MADRI - Há alguma coisa errada na lógica que se tornou predominante a respeito dos atentados em Madri e dos resultados eleitorais.
Diz a lógica que o governo do conservador José María Aznar perdeu uma eleição que quase todo o mundo dava por ganha porque os eleitores repudiaram nas urnas o fato de Aznar ter entrado na Guerra do Iraque, o que, por sua vez, atraiu a ira do radicalismo islâmico.
Deve ter acontecido isso mesmo, mas o erro está em que, levada ao limite, tal lógica significaria que, se não tivesse havido a invasão do Afeganistão e do Iraque, a Al Qaeda ou alguma de suas franqueadas não teria atacado.
Por condenáveis que sejam -e são- as ações no Iraque e no Afeganistão, é preciso lembrar a cronologia exata: o ataque da Al Qaeda aos Estados Unidos se deu antes, não depois do Afeganistão e do Iraque.
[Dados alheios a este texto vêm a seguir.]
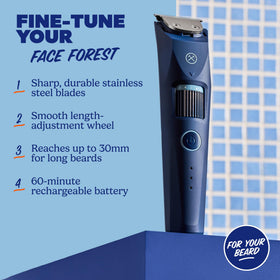 Close-up of Dollar Shave Club Beard Trimmer stainless steel blade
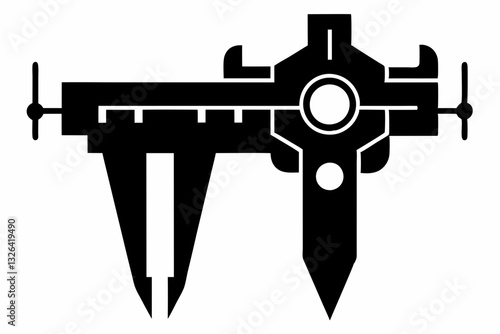calipers line art silhouette vector illustration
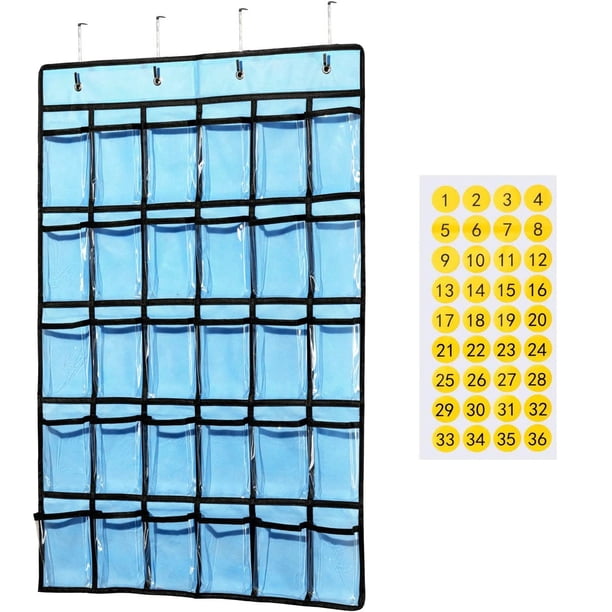 Gráfico de bolsillo para aula para soporte de calculadora de teléfono móvil, 30 gráficos de bolsillo para aula de 33,5 x 24,5 pulgadas para celda colgante (azul)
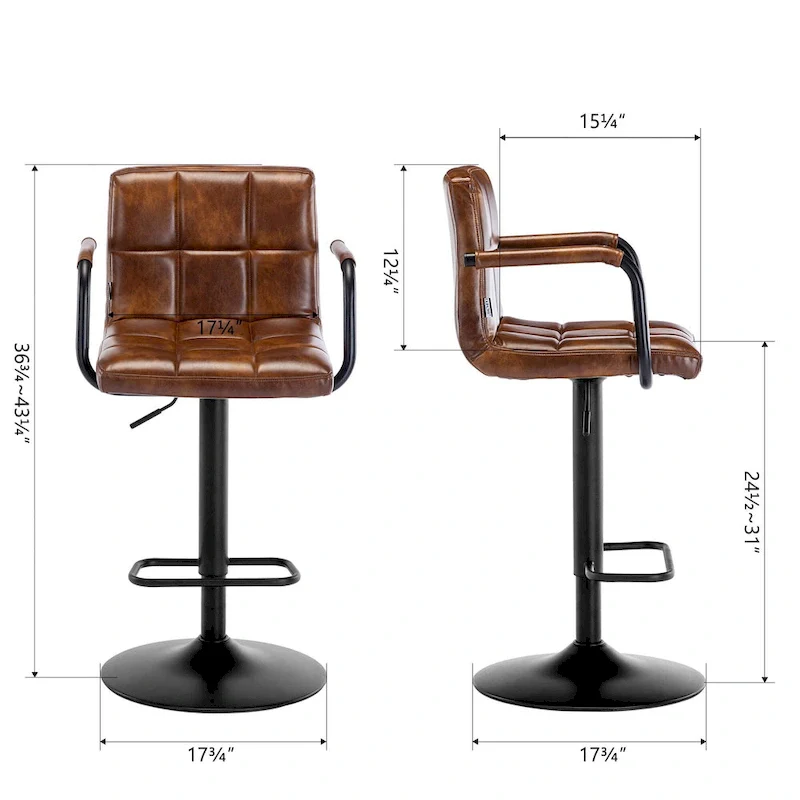 Swivel Bar Stools with Armrest, Adjustable Height, Set of 2 – Velvet / Faux Leather / Leathaire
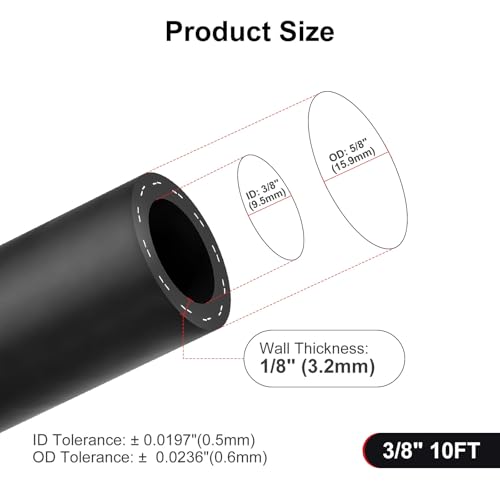 3/8 Heater Hose, 3/8" Coolant Radiator Hose SAE 20R3 Black 10FT - size: 3/8 10FT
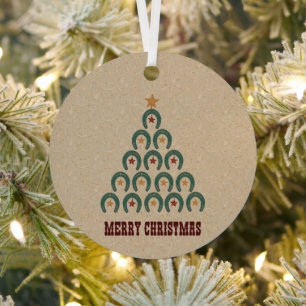 Rustic Horseshoe Christmas Tree Metal Tree Decoration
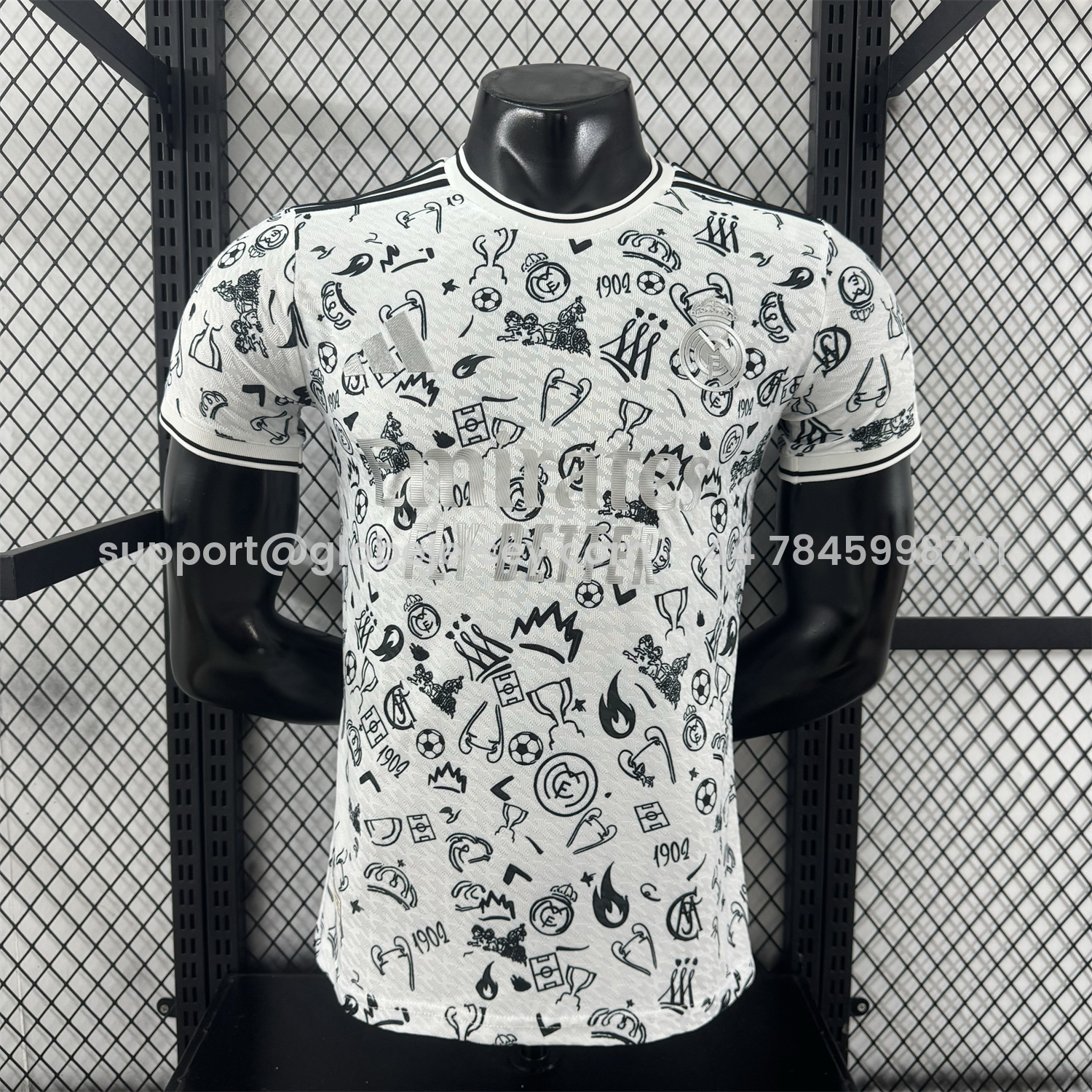 Real Madrid 25-26 White Special Jersey with Black Emoji Icons - Player Version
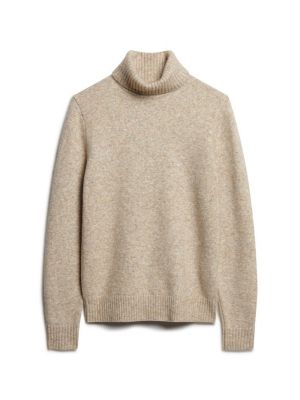 Pull col roulé Superdry beige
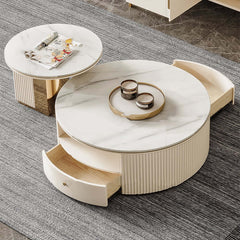 Modern White Sintered Stone Coffee Table Set With Storage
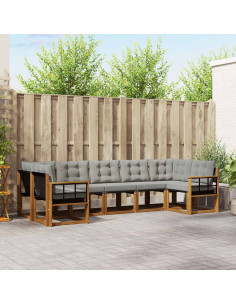 Set di divani con cuscino 7 pcs Grigio Naturale e Chiaro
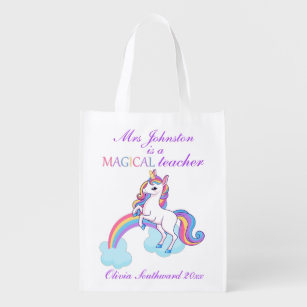 Magical Unicorn Teacher Appreciation Reusable Grocery Bag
Pode-se, portanto, condenar o unilateralismo e a prepotência americana. Mas não se pode, daí, saltar para a conclusão de que o Ocidente estaria livre do terrorismo islâmico radical se os EUA e seus aliados ficassem quietinhos no seu canto. Tampouco seria razoável imaginar que, se a guerra no Iraque tivesse sido aprovada pela ONU, mesmo por unanimidade, o terrorismo a aceitaria.
Aqui, um parêntesis: o próprio líder socialista espanhol, José Luis Rodríguez Zapatero, tentou ontem desmentir a ligação guerra/resultado eleitoral ao dizer que, antes dos atentados, "havia ganas de mudança na Espanha".
Voltemos ao terrorismo. A condenação ao unilateralismo norte-americano e a seus aliados subservientes é merecida, mas não muda um dado da realidade: há um tipo de terrorismo com o qual o mundo não sabe lidar, com ou sem unilateralismo.
Uma frase contida na fita de vídeo em que a Al Qaeda assume os atentados em Madri diz: "Vosotros queréis la vida y nosotros queremos la muerte" (uso a tradução da polícia).
É essa a chave. Ou se decifra ou ainda vai devorar muita gente. Pior: gente inocente.